Helene Anna Held (✦March 8, 1873 - August 12, 1918) was a Polish-born stage performer, most often associated with impresario Florenz Ziegfeld, her common-law husband.

Early life

Born in Warsaw, Congress Poland, Russian Empire she was the daughter of a Jewish glove maker, Shimmle (aka Maurice) Held, and his French-Jewish wife, Yvonne Pierre. Sources of her year of birth range from 1865 (the earliest) to 1873 (the latest). In 1881, anti-semitic pogroms [Note 1] forced the family to flee to Paris, France. When her father's glove-making business failed, he found work as a janitor, while her mother operated a kosher restaurant. Held began working in the garment industry, then found work as a singer in Jewish theatres in Paris and, later, after her father's death, London, where her roles included the title role in a production by Jacob Adler of Abraham Goldfaden's Shulamith; she was also in Goldfaden's ill-fated Paris troupe, whose cashier stole their money before they ever played publicly.

Acting career

Her vivacious and animated personality proved popular, and her career as a stage performer began to gain momentum. She was soon known for her risqué songs, flirtatious nature and willingness to show her legs on stage. Around this time, she became the wife of a much-older Uruguayan playboy, Maximo Carrera, with whom she had a daughter, Liane, who was born in 1895, shortly after their 1894 marriage, and who became an actress and producer, sometimes billed as Anna Held, Jr.
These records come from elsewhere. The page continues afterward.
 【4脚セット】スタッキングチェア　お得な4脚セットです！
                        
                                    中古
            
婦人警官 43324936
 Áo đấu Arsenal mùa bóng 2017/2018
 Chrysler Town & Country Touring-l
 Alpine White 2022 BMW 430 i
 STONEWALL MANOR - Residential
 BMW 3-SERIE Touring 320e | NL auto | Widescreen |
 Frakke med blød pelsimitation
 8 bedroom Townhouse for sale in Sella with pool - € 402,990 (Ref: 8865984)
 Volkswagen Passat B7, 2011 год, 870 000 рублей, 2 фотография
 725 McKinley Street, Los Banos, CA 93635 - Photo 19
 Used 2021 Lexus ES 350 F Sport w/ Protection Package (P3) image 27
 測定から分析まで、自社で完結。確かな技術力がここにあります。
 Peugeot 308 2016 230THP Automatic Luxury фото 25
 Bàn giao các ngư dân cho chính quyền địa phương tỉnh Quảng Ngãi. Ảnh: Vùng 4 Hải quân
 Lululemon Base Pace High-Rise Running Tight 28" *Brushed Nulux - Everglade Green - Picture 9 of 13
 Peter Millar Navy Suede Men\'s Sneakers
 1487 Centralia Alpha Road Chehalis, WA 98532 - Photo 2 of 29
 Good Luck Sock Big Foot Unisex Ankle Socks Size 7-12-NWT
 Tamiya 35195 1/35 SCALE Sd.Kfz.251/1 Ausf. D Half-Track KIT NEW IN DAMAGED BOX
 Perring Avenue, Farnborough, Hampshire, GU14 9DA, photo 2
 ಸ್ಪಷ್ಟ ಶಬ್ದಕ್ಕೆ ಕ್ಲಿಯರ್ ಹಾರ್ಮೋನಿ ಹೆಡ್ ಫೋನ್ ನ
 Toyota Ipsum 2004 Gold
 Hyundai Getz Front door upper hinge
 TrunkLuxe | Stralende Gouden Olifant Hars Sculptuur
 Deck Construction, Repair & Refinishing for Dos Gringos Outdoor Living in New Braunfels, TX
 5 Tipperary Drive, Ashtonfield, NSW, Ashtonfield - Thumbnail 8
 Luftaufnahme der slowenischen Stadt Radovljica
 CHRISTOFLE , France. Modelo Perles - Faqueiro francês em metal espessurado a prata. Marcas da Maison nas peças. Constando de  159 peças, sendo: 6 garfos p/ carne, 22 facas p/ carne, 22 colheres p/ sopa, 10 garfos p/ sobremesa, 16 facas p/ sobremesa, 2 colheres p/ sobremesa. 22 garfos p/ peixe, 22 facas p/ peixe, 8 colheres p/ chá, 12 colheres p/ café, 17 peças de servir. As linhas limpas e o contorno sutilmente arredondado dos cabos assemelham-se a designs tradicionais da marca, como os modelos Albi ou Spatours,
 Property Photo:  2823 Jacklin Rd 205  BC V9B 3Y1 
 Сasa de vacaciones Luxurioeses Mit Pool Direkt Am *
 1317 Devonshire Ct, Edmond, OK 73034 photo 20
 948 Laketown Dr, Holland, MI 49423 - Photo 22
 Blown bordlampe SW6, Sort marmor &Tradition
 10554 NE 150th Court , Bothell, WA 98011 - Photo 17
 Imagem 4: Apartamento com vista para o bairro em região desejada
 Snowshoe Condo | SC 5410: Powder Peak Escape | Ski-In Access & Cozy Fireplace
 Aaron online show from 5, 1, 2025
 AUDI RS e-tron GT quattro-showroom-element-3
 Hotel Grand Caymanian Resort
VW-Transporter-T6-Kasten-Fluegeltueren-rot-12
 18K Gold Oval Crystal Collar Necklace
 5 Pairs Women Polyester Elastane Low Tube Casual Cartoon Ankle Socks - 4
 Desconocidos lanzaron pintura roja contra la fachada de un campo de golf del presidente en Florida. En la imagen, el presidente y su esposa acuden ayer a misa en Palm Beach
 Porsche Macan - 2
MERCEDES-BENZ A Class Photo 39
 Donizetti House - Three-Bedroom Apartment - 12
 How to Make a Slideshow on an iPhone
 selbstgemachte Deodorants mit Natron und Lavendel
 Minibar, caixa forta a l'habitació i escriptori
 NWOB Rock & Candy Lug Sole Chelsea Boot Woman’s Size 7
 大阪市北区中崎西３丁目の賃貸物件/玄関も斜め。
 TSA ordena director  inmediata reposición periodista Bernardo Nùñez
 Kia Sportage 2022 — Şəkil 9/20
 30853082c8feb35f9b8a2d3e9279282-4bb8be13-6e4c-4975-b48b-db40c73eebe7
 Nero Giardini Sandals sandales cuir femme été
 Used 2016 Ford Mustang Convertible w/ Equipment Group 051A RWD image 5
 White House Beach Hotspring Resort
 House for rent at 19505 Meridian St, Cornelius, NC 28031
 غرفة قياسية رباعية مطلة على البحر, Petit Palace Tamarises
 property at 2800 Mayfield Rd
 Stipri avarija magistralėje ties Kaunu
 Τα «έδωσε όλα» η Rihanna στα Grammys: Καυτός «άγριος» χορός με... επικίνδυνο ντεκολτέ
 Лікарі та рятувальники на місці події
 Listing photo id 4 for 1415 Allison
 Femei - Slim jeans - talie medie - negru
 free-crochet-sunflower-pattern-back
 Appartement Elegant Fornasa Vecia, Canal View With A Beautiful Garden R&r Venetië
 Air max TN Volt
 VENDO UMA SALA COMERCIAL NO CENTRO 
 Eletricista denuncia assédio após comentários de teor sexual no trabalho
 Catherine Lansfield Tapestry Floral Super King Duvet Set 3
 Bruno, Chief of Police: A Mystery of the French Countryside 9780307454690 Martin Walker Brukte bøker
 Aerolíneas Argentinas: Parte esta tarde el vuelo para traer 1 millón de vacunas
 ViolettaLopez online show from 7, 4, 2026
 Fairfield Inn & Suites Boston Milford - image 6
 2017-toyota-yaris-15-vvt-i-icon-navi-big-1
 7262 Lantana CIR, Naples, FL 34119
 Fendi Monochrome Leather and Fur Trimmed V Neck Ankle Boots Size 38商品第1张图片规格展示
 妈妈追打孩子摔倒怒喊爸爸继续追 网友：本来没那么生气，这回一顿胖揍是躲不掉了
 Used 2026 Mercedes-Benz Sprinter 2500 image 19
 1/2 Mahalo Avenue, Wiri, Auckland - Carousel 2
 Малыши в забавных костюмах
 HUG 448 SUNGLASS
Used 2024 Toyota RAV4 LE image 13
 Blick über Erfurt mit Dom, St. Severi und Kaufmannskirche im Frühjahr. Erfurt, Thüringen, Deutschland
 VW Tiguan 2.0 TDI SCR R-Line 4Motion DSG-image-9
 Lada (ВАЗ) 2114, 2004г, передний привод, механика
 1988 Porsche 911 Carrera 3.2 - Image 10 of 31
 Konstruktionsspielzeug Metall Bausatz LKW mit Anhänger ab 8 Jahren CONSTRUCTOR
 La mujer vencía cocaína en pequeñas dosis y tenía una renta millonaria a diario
Touring through Europe she was appearing in London in 1896 when she met Florenz Ziegfeld. Ziegfeld asked her to return to New York City with him and she agreed. He set about creating a wave of public interest in her, by feeding stories about her to the American press. By the time Held and Ziegfeld arrived in New York, she was already the subject of intense public speculation. When she finally performed, the critics were dismissive of her, but the public liked her.

Broadway success

From 1905 Held enjoyed several successes on Broadway which apart from bolstering Ziegfeld's fortune, made her a millionaire in her own right. Ziegfeld's talent for creating publicity stunts ensured that Held's name remained well known. Held suggested the format for what would become the famous "Ziegfeld Follies" in 1907, and helped Ziegfeld establish the most lucrative phase of his career. Held could not perform in the first "Follies" in 1908 as she had become pregnant by Ziegfeld. She later miscarried or had an abortion. In 1909 he began an affair with the actress Lilliane Lorraine. Held remained hopeful that his fascination would pass and he would return to her, but instead he turned his attentions to another actress Billie Burke, whom he would marry in 1914.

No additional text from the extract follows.